Posts Tagged ‘Sr Mary David Totah OSB’

Sr Mary David


Continuing her reflection on Lent, Sr Mary David writes about what we really need to “give up”.

In the Sermon on the Mount, Jesus signals three ways in which we prepare for Easter: prayer, fasting and almsgiving. All three belong to our celebration of Lent. It is a question of giving our heart in prayer, our material body in fasting, and our material goods in alms. Thus these three great religious acts of the Gospel express each in its own way, an offering without reserve.

Lenten practices will vary; moreover fasting is not a mere matter of diet. It is moral as well as physical. True fasting is to be converted in heart and will; it is to return to God, to come home like the Prodigal to our Father’s house. In the words of St. John Chrysostom, it means ‘abstinence not only from food but from sins’. The fast, he insists, ‘should be kept not by the mouth alone but also by the eye, the ear, the feet, the hands and all the members of the body: the eye must abstain from impure sights, the ear from malicious gossip, the hands from acts of injustice.’ It is useless to fast from food, protests St. Basil, and yet to indulge in cruel criticism and slander: ‘you do not eat meat, but you devour your brother.’

Abstaining through the forty days of Lent only makes sense if we are preparing to be alleluia throughout the fifty days of Easter. Fasting from food and drink of this present world is for Christians a sign of our expectation of the feasting in the new world, the world of the resurrection, on the food and drink of everlasting life. Our fasting orients us towards Easter.

Sr Mary David is a Benedictine nun of St Cecilia’s Abbey, Ryde, Isle of Wight, where she serves her Community as Prioress and Novice Mistress. She has written Christian Fasting available from CTS priced £2.50.


Of related interest:

Christian Fasting Christian Fasting – This informative new booklet explores the Catholic understanding of fasting using Scripture and the teachings of Christ and his Church. The true meaning and value of fasting aligned with almsgiving and prayer is beautifully explained.
Lent with Benedict XVI Lent with Benedict XVIEach year, Lent offers us with a providential opportunity to go deeper as Christians. Drawing on recent addresses and homilies, this booklet brings home Pope Benedict’s urgent call to conversion of heart and therefore to happiness.
Ways of Forgiveness Ways of Forgiveness – This inspiring and practical guide opens us up to the spiritual gift of forgiveness. The author considers what sin is and how it affects our lives, and then shows how the Sacrament of Reconciliation (Confession) can heal us from the effects of sin.

Sr Mary David

With Lent starting today, CTS author Sr Mary David Totah OSB, reminds us what the liturgical season is really for.
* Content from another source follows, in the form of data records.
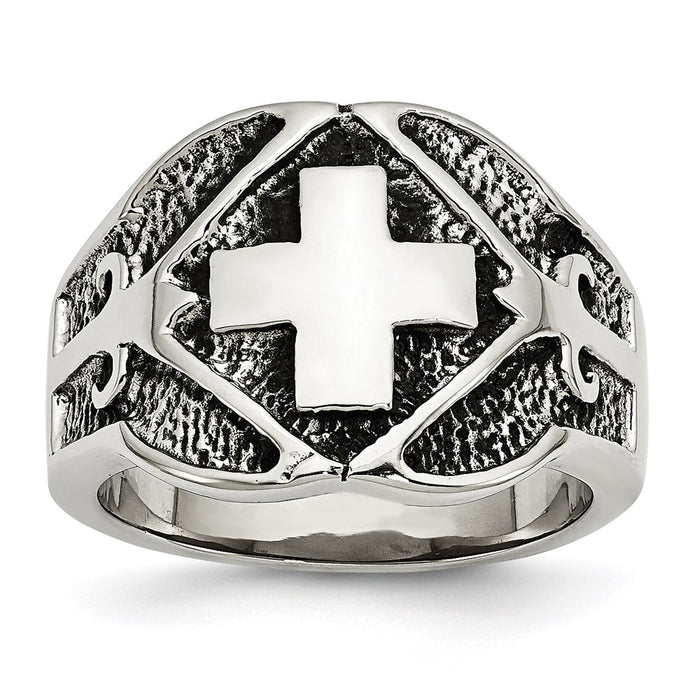 Men's Fashion Jewelry, Chisel Brand Stainless Steel Polished & Antiqued Cross Ring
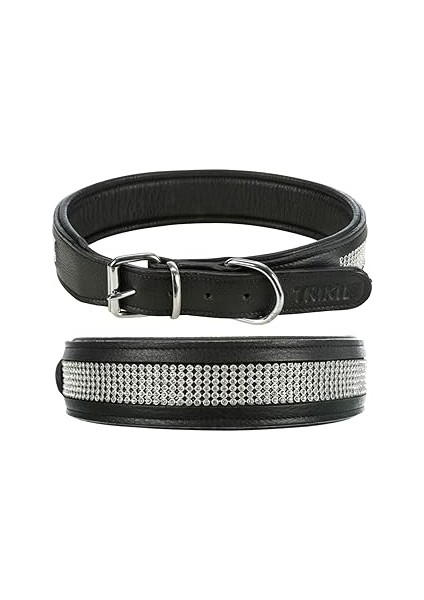 Trixie Köpek Boyun Tasması Deri Üzeri Taşlı 57-66 cm 40 mm L-Xl Siyah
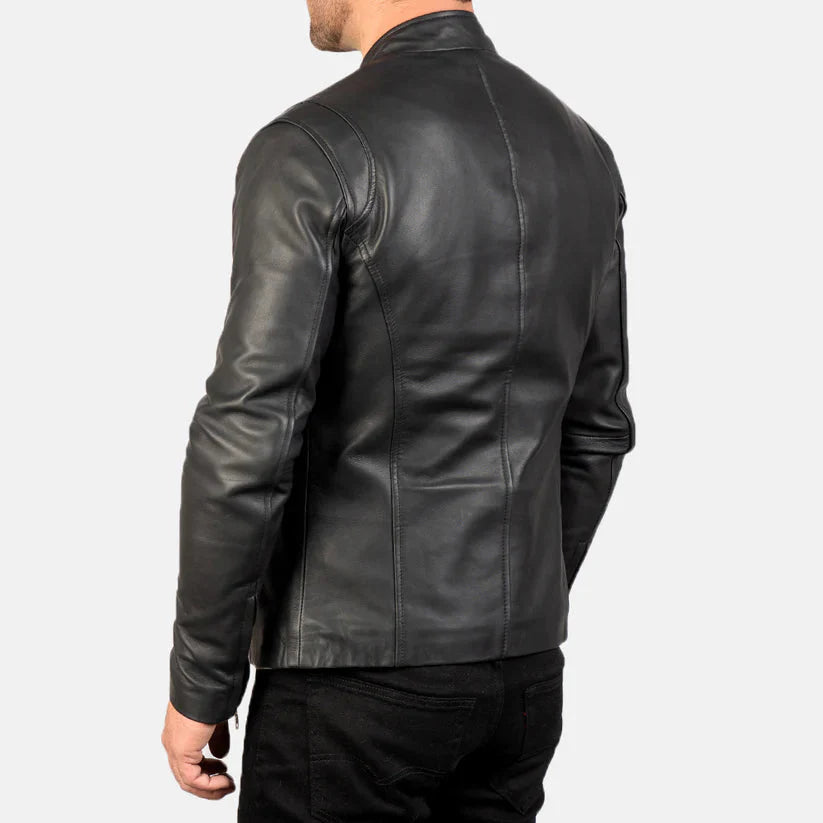 Black Real Leather Jacket LSM-0004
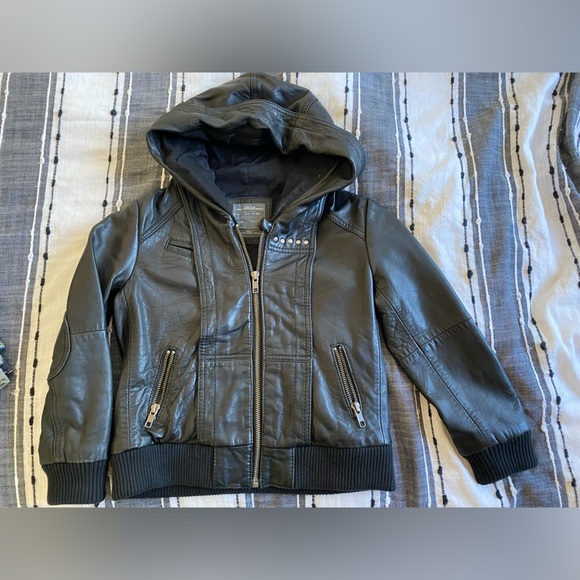 Vintage Allsaints children's hooded leather jacket
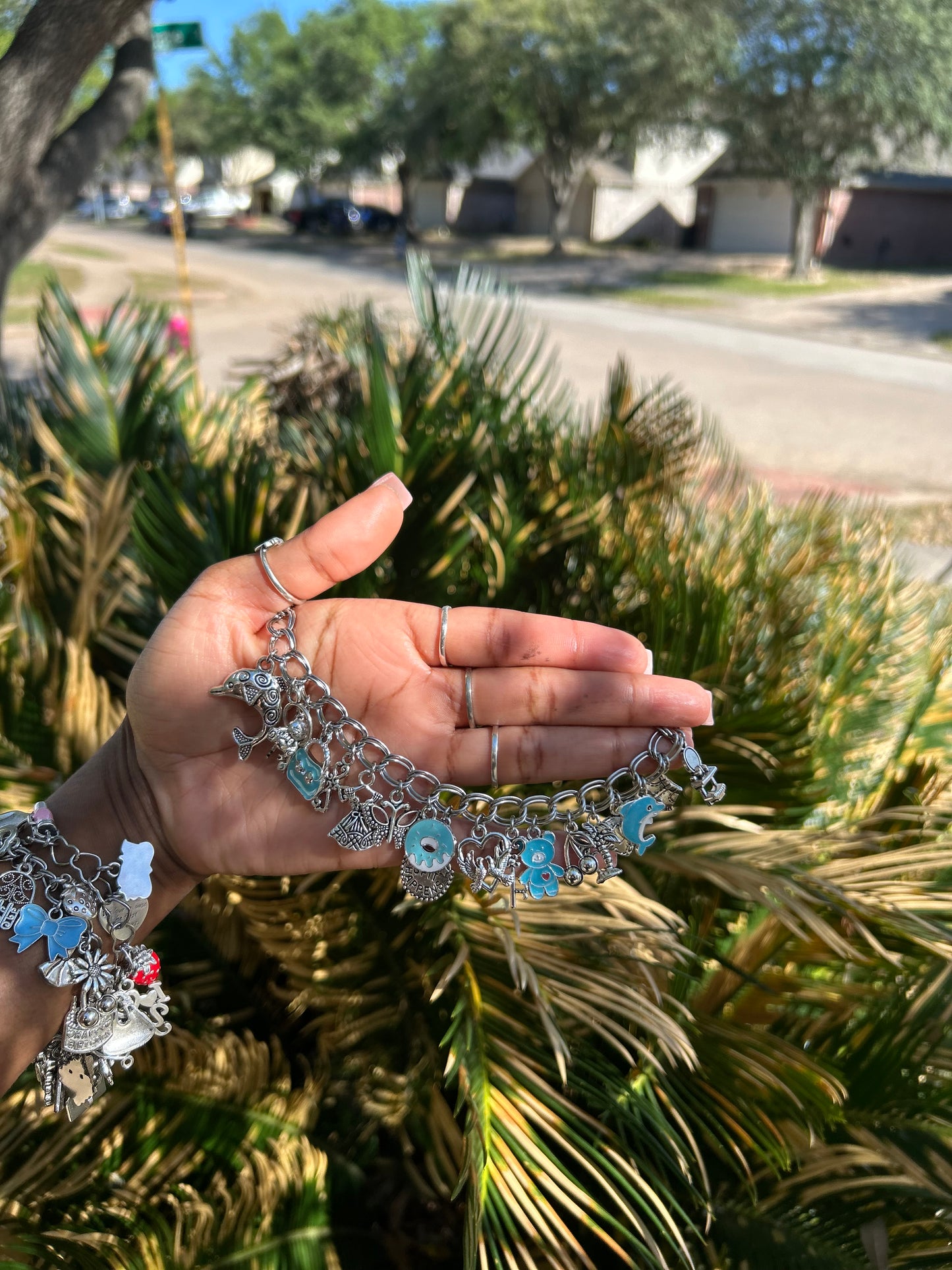 Handmade Silver-Plated Freestyle Charm Bracelet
It is good to remember that in the early Church the main purpose of Lent was to prepare the catechumens, the newly-converted Christians, for baptism which was performed during Paschal Vigil. Even for those of us who are baptized, Easter is our return every year to our baptism, and Lent is a preparation for that return – the slow sustained effort to perform our own pass-over into new life as Christians.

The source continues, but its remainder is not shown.